◆ Your assignment
The listing is to be transcribed in full, with its images left out.

◆ Data below
╭──
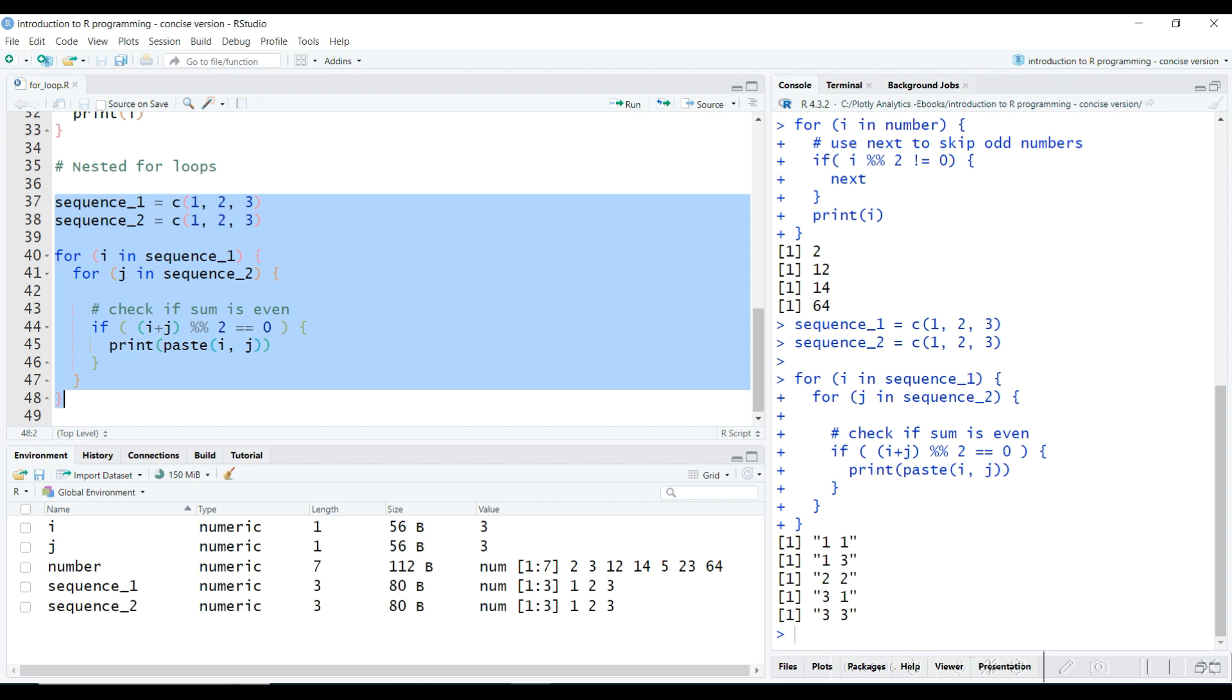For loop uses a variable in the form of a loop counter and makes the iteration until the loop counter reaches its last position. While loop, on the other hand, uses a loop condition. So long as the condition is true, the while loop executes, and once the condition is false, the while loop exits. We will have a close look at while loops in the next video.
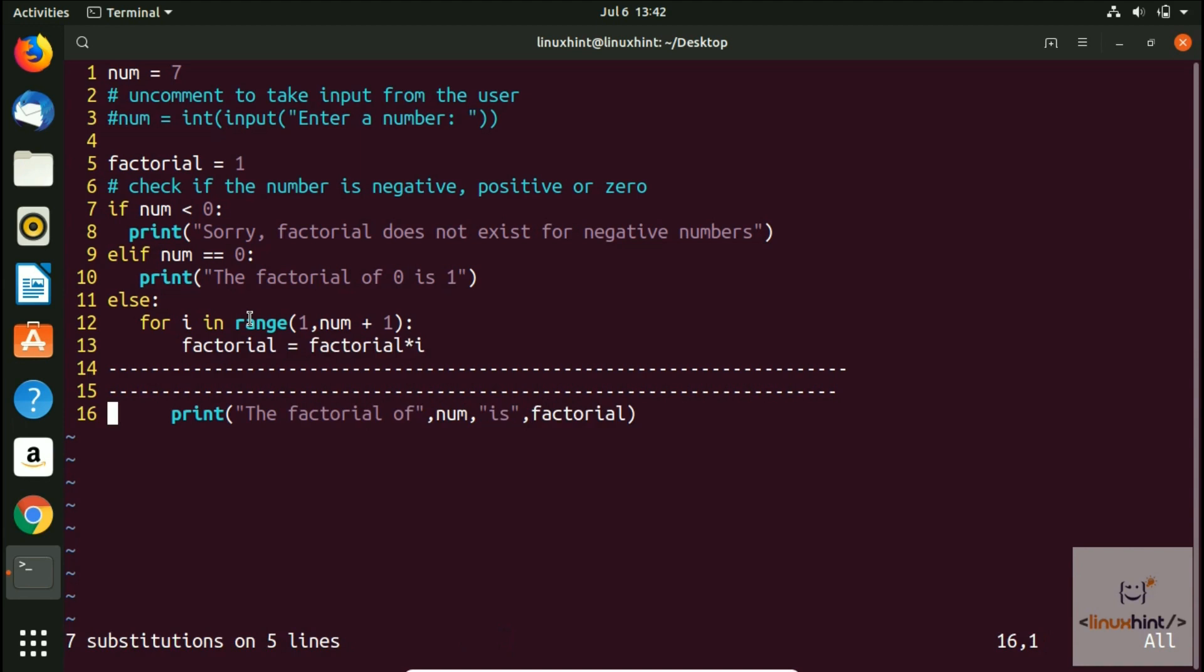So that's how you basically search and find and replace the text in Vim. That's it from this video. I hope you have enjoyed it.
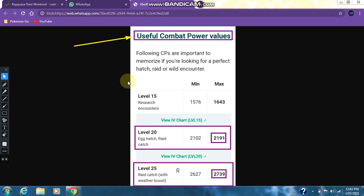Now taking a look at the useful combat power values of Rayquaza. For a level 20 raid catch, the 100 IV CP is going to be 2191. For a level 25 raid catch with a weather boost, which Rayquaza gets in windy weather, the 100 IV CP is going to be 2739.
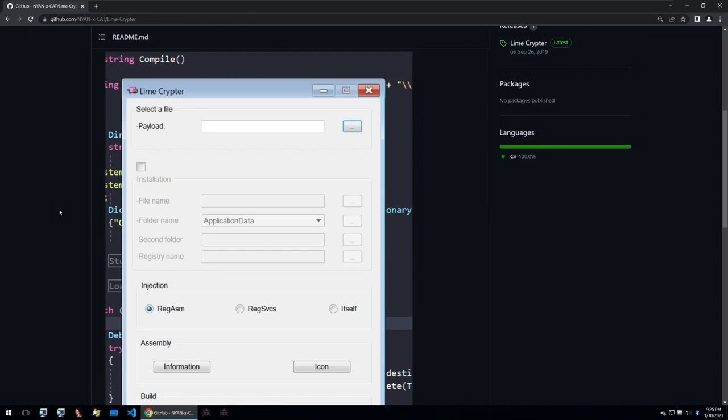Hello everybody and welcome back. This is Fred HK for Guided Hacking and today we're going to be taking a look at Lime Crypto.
╰──
◆ Task response
For loop uses a variable in the form of a loop counter and makes the iteration until the loop counter reaches its last position. While loop, on the other hand, uses a loop condition. So long as the condition is true, the while loop executes, and once the condition is false, the while loop exits. We will have a close look at while loops in the next video.
So that's how you basically search and find and replace the text in Vim. That's it from this video. I hope you have enjoyed it.
Now taking a look at the useful combat power values of Rayquaza. For a level 20 raid catch, the 100 IV CP is going to be 2191. For a level 25 raid catch with a weather boost, which Rayquaza gets in windy weather, the 100 IV CP is going to be 2739.
Hello everybody and welcome back. This is Fred HK for Guided Hacking and today we're going to be taking a look at Lime Crypto.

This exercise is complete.